Cupping therapy is an ancient form of traditional Chinese medicine in which a local suction is created on the skin. Suction is created using fire or mechanical devices such as hand or electrical pumps, thus forming a partial vacuum and enabling the cup to suck the skin, pulling in soft tissue, and drawing blood to that area. Cupping is often used on neck, shoulder and back.

Methods for Cupping

Cups will be left in place from 5 to 20 minutes and then removed. Several cups may be placed on a patient’s body at the same time. Sometimes practitioners also move the cups around in a massage technique with massage lotion applied on the cupping area to make a better effect.

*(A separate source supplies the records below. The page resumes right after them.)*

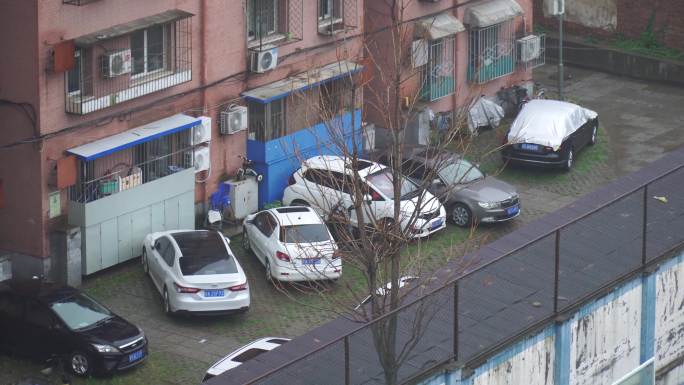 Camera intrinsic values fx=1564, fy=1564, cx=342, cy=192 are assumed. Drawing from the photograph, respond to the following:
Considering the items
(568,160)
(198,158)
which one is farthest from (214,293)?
(568,160)

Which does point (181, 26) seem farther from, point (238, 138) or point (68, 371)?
point (68, 371)

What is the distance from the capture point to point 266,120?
118ft

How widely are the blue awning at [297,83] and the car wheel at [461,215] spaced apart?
3959mm

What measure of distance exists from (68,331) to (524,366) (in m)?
8.95

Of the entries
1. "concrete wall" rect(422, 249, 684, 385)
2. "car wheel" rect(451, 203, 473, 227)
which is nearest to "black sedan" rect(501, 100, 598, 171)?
"car wheel" rect(451, 203, 473, 227)

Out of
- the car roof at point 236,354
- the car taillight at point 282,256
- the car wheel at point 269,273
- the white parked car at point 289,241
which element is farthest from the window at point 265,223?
the car roof at point 236,354

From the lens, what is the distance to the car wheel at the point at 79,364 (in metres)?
27.8

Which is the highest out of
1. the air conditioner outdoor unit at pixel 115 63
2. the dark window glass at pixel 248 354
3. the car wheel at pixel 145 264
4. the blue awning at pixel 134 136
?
the air conditioner outdoor unit at pixel 115 63

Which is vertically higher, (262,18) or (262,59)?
(262,18)

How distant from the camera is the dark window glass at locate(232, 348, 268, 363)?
2627 cm

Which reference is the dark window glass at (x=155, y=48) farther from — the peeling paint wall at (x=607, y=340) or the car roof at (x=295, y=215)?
the peeling paint wall at (x=607, y=340)

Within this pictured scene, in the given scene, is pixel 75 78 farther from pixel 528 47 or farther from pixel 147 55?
pixel 528 47

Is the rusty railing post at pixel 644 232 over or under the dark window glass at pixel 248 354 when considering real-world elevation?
over

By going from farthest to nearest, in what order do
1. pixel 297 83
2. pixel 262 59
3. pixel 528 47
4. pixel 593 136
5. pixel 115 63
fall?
pixel 528 47
pixel 593 136
pixel 297 83
pixel 262 59
pixel 115 63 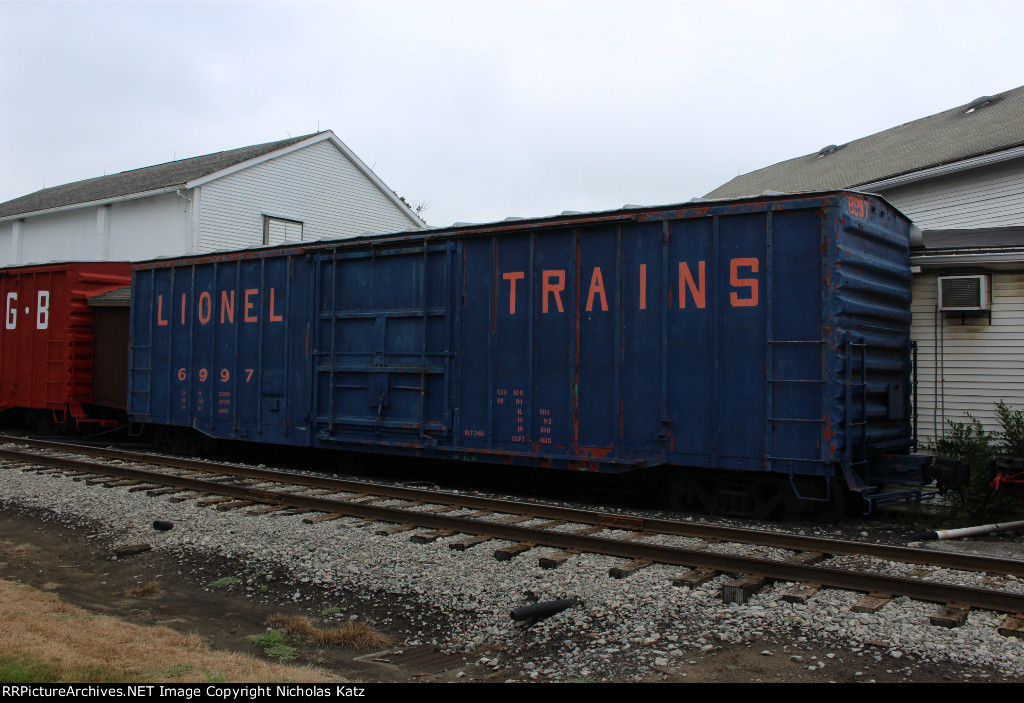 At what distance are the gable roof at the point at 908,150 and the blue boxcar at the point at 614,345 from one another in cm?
903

Traditional Chinese Theory of Cupping

According to traditional Chinese medicinal theory, when meridians are opened, invigorating energy can travel fluently in the body. As a result, Yin and Yang can keep good balance. Cupping is believed to be a very good way to open meridians through which energy flows to every part of the body.

Western Theory of Cupping

Cupping has been found to affect the body up to four inches into the tissues, causing tissues to release toxins, activate the lymphatic system, clear colon blockages, help activate and clear the veins, arteries and capillaries, and activate the skin. Cupping is a good way of deep tissue massage as well.

Effects of Cupping

Cupping is mainly recommended for the treatment of pain such as arthritis and sports injury, gastro-intestinal disorders, lung diseases such as chronic cough and asthma, and paralysis.

Safety of Cupping

Cupping is considered relatively safe. The cupping treatment in which suction is created using mechanical devices such as hand or electrical pumps is called air cupping. Air cupping is especially safe because it does not include the risk of fire and heat. However, cupping can cause some swelling and bruising on the skin. With the skin under a cup drawn up, local blood vessels will expand. This may result in small, circular bruises on the areas where the cups were applied. Depending on the degree of toxicity in the muscle tissue, treatment will result in either only a slight reddening of the skin for slight toxicity, or a rather nasty looking bruise of high toxicity. These bruises are usually painless, however, and will disappear within a few days of treatment.

Cupping should not be performed when patients have inflamed skin, high fever or convulsions. And patients who bleed easily are not suitable for cupping. Pregnant women should not have cupping on their stomach or lower back. If the cups are being moved, they should not cross bony areas, such as the ridges of the spine or the shoulder blades.